[EXCERPTED DATA — start]
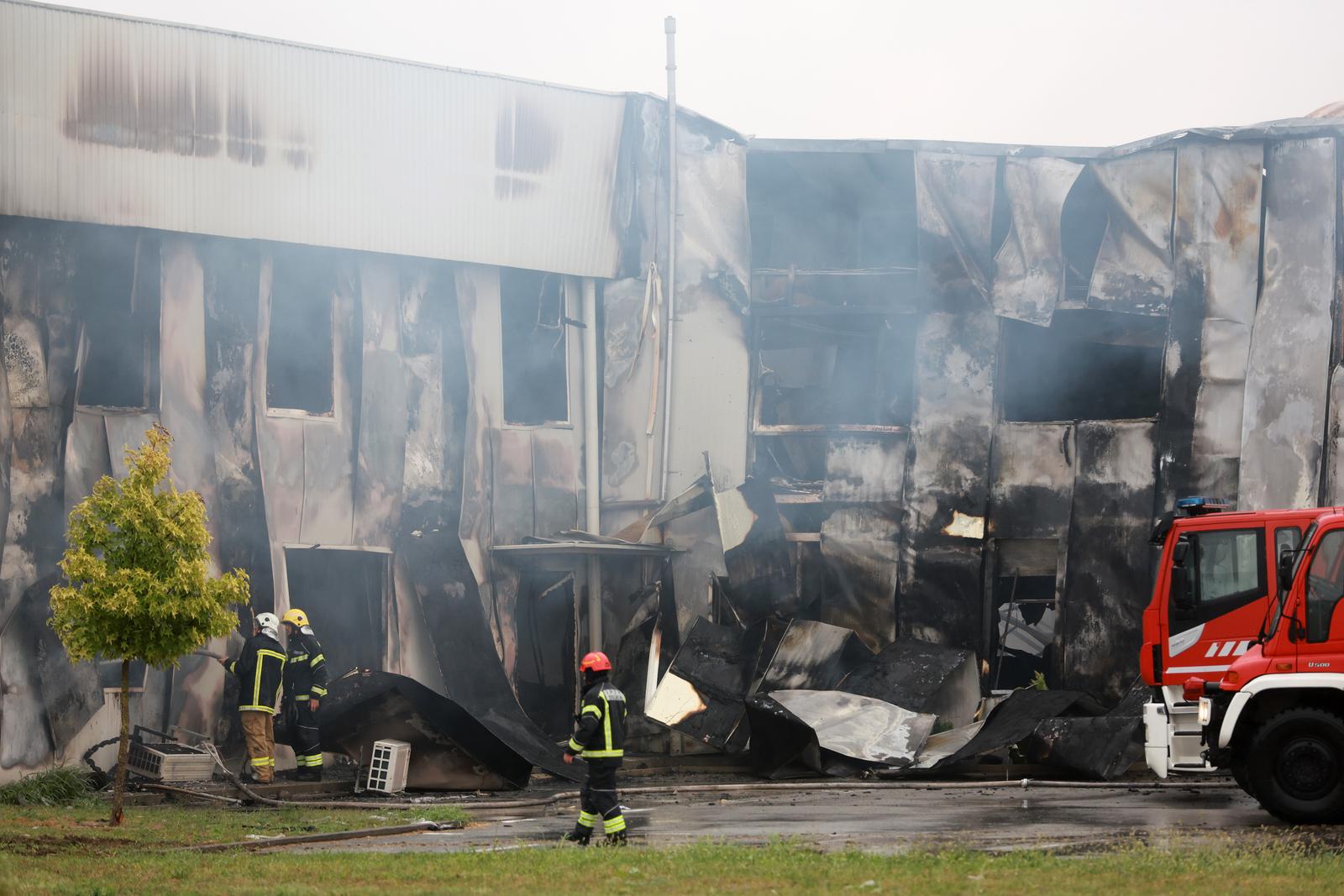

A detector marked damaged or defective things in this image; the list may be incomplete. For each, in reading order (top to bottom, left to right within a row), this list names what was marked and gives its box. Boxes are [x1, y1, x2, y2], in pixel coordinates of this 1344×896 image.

broken window frame [74, 230, 160, 411]
broken window frame [262, 249, 336, 418]
broken window frame [497, 267, 571, 428]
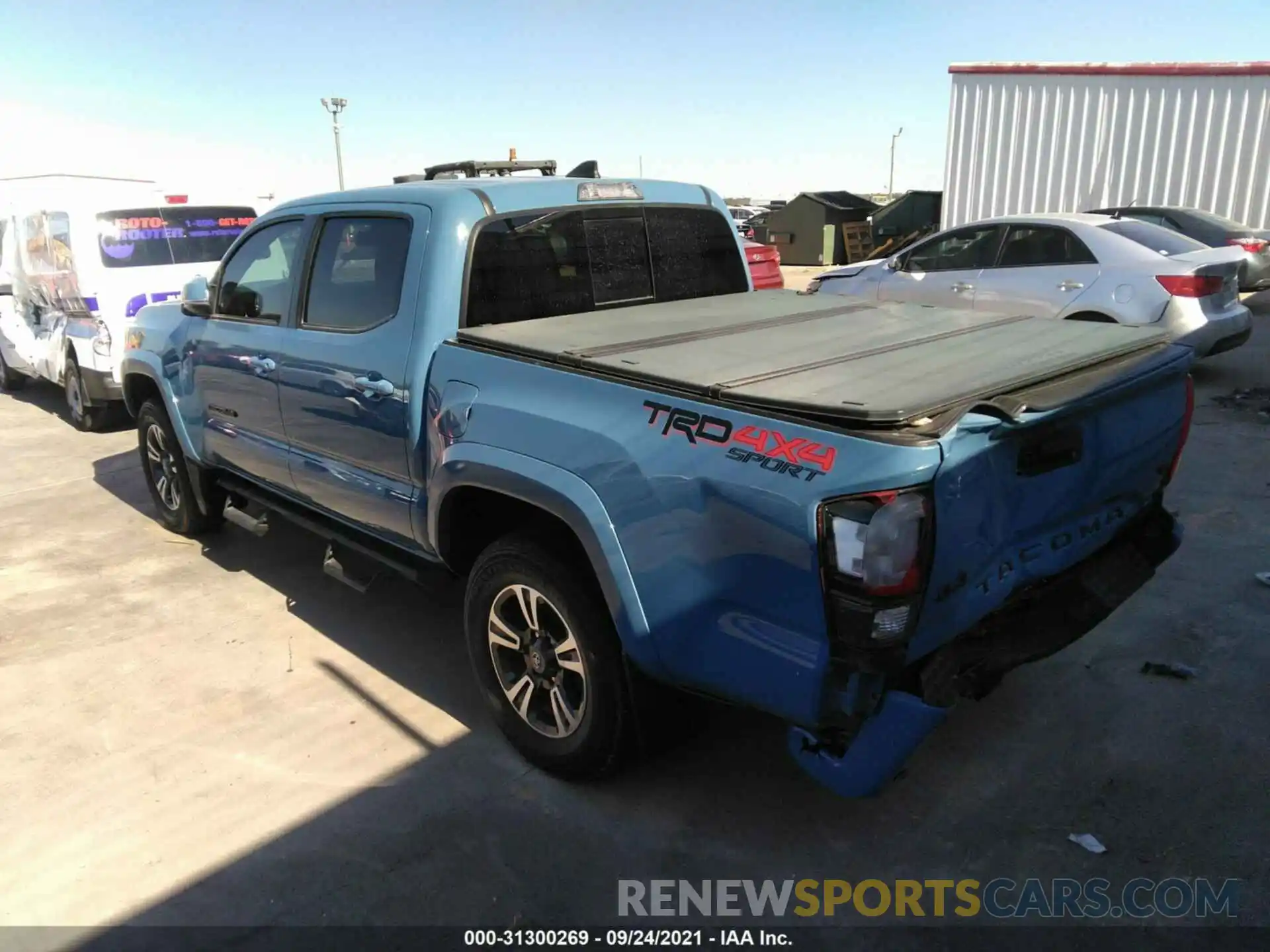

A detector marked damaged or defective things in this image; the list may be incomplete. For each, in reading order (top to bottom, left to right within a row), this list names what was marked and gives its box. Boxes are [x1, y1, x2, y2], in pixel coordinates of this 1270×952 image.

dented rear quarter panel [427, 348, 945, 726]
damaged rear bumper [792, 502, 1178, 802]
[EXCERPTED DATA — finish]
▶ **PROBLEM DESCRIPTION**
Your output should be an exact copy of every line from the one containing "this 1270×952 image." through the end of the records.

▶ **RESULT**
A detector marked damaged or defective things in this image; the list may be incomplete. For each, in reading order (top to bottom, left to right within a row), this list names what was marked and gives its box. Boxes are [x1, y1, x2, y2], in pixel coordinates of this 1270×952 image.

dented rear quarter panel [427, 348, 945, 726]
damaged rear bumper [792, 502, 1178, 802]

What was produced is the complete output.